The second claim can be disproven even more easily: as is true of their Egyptian counterparts, there is no Greek desire to reclaim and hoard the treasures of its antiquity – only a few pieces, including the Parthenon metopes and frieze, have been requested. In fact the Greek government welcomes a diaspora of the country’s ancient artefacts. After all, the many thousands of objects, sculptures and architectural features located in museums around the world are testament to the enormous influence the Hellenistic tradition has had on civilisation, particularly Western civilisation. In the completed Acropolis Museum, there is a properly curated space for the marbles to return to. This museum has been a prestige project for Greece, and sits just across from the Theatre of Dionysus, underneath the Parthenon itself. It displays the portions of the metopes and friezes that were not removed by Lord Elgin, with the gaps variously filled in with photographs and casts – able substitutes but without the vivacious texture of the stone. The building is itself a significant achievement among museums: its glass fronts allow a direct and contextual view of the acropolis from almost every angle, and its support columns are arranged at the same distance as those of the temple.

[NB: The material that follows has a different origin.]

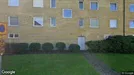 Rum att hyra, Västra hisingen, Temperaturgatan<span class="blurred street-number" onclick="ProcessAdRequest(3690444)"><span class="hint">Se väg-nummer</span>[xxxxxxxxxxxx]</span> - Ca. 8 500&nbsp;kr.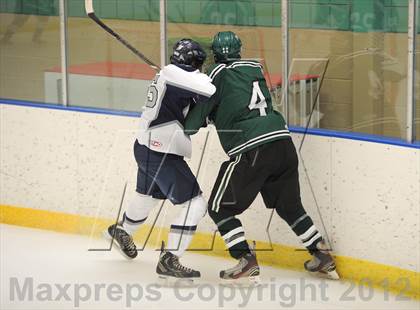 Thumbnail 2 in Lake Orion @ Farmington photogallery.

In late 2014, one of the pediment sculptures – the statue of Ilissos – became the first piece to leave the British Museum. While its temporary loan to the Hermitage Museum in St Petersburg is encouraging in that it makes further future loans a possibility, it also stirred enough air to fan the political controversy for quite some time. Greek Prime Minister Antonis Samaras called it “an affront” and “a provocation” to Greece. In the UK, there was equal anger over the British Museum’s choice of partner – Russia, even if the Hermitage Museum does not speak for the regime of Vladimir Putin. There seems too great a disparity between giving a privilege such as a Parthenon sculpture to a country under sanctions, and by the same token refusing a country in serious need of an economic boost.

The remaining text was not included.